At this extended length, linguistic modifiers dictate the search intent. Analysts must segment long-tail keywords into distinct intent categories utilizing specific linguistic markers to ensure that the eventual content asset maps directly to the user’s psychological state.

Intent Category Strategic Function Common Modifiers & Phrases
Informational Top-of-funnel awareness. Builds topical authority and captures users in the early stages of problem identification. “How to,” “What is the best way to,” “Guide for,” “Tutorial,” “Why does”.
Commercial Research Middle-of-funnel evaluation. Captures users comparing vendors, features, or methodologies before making a decision. “Best,” “Vs,” “Review,” “Alternative to,” “Comparison,” “Pros and cons”.
Transactional Bottom-of-funnel acquisition. Directs high-intent users to conversion-centric landing pages or localized service hubs. “Buy,” “Discount,” “Affordable,” “Near me,” “Consultation,” “Emergency,” “24/7”.
Negative Qualifiers Hyper-specific exclusion. Indicates the user knows exactly what they are avoiding, signaling extremely high qualification. “Without,” “For non-technical users,” “No code,” “Except”

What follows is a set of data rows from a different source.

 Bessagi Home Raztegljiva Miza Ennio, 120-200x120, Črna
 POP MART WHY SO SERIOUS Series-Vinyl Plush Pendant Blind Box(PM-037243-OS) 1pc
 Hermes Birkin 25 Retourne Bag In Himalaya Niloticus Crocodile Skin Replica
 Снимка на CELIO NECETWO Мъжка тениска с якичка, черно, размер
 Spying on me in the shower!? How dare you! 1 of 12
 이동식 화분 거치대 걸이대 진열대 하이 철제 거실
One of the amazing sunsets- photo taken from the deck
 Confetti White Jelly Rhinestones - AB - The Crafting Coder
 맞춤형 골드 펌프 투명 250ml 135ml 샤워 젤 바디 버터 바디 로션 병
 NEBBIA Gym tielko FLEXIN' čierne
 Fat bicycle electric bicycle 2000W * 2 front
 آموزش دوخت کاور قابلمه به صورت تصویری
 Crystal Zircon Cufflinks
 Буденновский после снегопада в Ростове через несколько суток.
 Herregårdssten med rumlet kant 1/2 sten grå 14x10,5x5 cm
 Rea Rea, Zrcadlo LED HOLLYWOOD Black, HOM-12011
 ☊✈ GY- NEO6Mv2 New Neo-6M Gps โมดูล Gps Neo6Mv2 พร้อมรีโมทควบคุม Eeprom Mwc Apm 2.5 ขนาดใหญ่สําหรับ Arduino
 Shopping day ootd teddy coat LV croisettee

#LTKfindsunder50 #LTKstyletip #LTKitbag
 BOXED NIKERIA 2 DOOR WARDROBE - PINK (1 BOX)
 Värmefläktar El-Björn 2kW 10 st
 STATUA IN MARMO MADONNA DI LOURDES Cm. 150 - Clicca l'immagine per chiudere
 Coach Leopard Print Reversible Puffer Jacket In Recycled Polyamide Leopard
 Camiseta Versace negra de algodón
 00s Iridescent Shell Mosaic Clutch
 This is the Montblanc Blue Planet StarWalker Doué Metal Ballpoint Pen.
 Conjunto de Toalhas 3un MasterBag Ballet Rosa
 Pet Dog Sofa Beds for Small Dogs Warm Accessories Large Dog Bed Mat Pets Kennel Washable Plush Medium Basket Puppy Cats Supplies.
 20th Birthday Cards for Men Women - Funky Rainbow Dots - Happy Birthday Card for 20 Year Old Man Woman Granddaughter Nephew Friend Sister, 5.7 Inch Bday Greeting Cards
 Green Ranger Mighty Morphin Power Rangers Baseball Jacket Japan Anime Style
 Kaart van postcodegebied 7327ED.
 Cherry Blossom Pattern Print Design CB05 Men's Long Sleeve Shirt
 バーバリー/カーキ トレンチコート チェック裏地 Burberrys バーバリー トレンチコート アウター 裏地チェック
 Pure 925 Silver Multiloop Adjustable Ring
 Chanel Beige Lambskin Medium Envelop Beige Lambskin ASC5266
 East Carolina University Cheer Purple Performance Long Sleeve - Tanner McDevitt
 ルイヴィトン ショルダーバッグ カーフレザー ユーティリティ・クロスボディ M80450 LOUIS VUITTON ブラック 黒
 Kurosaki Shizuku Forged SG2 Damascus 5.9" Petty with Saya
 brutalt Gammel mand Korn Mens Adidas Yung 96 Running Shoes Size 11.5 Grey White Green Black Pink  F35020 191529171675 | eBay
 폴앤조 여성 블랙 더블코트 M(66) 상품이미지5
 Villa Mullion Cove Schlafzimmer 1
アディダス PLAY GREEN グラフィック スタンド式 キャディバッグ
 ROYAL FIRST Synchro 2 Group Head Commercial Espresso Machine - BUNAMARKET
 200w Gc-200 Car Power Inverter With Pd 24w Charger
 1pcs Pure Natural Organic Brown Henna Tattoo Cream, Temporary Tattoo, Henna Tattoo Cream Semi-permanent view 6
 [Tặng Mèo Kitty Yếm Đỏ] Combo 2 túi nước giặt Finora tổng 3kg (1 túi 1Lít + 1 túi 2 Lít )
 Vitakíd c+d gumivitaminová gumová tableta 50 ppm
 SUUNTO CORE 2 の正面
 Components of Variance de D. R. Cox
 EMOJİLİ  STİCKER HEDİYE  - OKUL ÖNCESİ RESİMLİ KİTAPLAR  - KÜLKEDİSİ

Decoding Weak Competition Signals in the SERP

Keyword metrics generated by software tools provide the initial hypothesis; manual SERP analysis provides the empirical proof. Algorithms and third-party tools can estimate difficulty, but to determine if a long-tail keyword is genuinely low-competition, the search engine results page must exhibit distinct signals of structural, technical, and editorial weakness.

The Fallacy of Domain Authority

Historically, the presence of high-authority domains (e.g., Wikipedia, Forbes, major legacy media outlets) on a SERP was considered an impenetrable barrier. In the 2026 paradigm, AI algorithms and updated search core updates prioritize topical relevance, entity verification, and exact intent matching over raw, generalized domain authority. A highly authoritative domain publishing a generic, thin article that tangentially mentions a topic will routinely lose to a hyper-specialized SME domain that thoroughly maps the exact long-tail query using robust Generative Engine Optimisation protocols. Therefore, the presence of a high-DR site is only a threat if their specific page perfectly satisfies the long-tail intent.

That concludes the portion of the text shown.